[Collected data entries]

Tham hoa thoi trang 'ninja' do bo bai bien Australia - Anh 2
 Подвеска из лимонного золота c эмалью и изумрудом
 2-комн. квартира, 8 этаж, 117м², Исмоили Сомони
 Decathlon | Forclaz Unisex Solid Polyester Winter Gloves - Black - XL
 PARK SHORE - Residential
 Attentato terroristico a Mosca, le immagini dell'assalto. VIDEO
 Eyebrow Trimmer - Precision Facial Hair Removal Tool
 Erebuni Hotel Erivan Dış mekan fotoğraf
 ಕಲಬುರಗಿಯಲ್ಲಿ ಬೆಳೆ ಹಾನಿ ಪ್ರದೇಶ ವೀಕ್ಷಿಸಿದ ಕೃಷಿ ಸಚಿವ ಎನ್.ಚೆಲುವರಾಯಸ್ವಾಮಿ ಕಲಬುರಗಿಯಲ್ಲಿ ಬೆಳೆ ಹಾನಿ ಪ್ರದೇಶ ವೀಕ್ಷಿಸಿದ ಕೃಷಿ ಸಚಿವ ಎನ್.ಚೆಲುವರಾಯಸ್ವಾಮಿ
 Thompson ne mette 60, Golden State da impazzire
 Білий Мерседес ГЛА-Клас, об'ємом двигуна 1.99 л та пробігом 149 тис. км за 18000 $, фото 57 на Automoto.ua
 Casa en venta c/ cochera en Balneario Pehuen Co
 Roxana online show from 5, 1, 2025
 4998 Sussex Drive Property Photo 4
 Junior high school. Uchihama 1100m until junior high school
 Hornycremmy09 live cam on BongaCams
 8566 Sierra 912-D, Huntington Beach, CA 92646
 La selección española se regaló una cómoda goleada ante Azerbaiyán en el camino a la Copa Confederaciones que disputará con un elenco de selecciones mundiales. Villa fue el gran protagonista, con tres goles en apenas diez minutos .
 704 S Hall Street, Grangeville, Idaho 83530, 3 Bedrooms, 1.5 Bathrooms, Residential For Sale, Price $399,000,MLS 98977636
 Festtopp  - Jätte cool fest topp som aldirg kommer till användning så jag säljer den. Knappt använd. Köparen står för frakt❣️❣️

▶ _AIM OF THE TASK_
Please transcribe the records exactly from their first line through the line holding "Junior high school.", and leave out all others.

▶ _RESULT BELOW_
Tham hoa thoi trang 'ninja' do bo bai bien Australia - Anh 2
 Подвеска из лимонного золота c эмалью и изумрудом
 2-комн. квартира, 8 этаж, 117м², Исмоили Сомони
 Decathlon | Forclaz Unisex Solid Polyester Winter Gloves - Black - XL
 PARK SHORE - Residential
 Attentato terroristico a Mosca, le immagini dell'assalto. VIDEO
 Eyebrow Trimmer - Precision Facial Hair Removal Tool
 Erebuni Hotel Erivan Dış mekan fotoğraf
 ಕಲಬುರಗಿಯಲ್ಲಿ ಬೆಳೆ ಹಾನಿ ಪ್ರದೇಶ ವೀಕ್ಷಿಸಿದ ಕೃಷಿ ಸಚಿವ ಎನ್.ಚೆಲುವರಾಯಸ್ವಾಮಿ ಕಲಬುರಗಿಯಲ್ಲಿ ಬೆಳೆ ಹಾನಿ ಪ್ರದೇಶ ವೀಕ್ಷಿಸಿದ ಕೃಷಿ ಸಚಿವ ಎನ್.ಚೆಲುವರಾಯಸ್ವಾಮಿ
 Thompson ne mette 60, Golden State da impazzire
 Білий Мерседес ГЛА-Клас, об'ємом двигуна 1.99 л та пробігом 149 тис. км за 18000 $, фото 57 на Automoto.ua
 Casa en venta c/ cochera en Balneario Pehuen Co
 Roxana online show from 5, 1, 2025
 4998 Sussex Drive Property Photo 4
 Junior high school. Uchihama 1100m until junior high school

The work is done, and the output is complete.